TRY IT
Transcribe verbatim the span of lines that opens with the line containing "A Georgian style" and closes with the last line of the data below.

(Recorded data)

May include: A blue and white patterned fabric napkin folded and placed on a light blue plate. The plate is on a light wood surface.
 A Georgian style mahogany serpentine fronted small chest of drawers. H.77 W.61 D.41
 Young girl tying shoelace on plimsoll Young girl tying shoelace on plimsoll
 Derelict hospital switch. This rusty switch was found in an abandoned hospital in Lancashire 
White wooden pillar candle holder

SOLUTION FOR THIS EXERCISE
 A Georgian style mahogany serpentine fronted small chest of drawers. H.77 W.61 D.41
 Young girl tying shoelace on plimsoll Young girl tying shoelace on plimsoll
 Derelict hospital switch. This rusty switch was found in an abandoned hospital in Lancashire 
White wooden pillar candle holder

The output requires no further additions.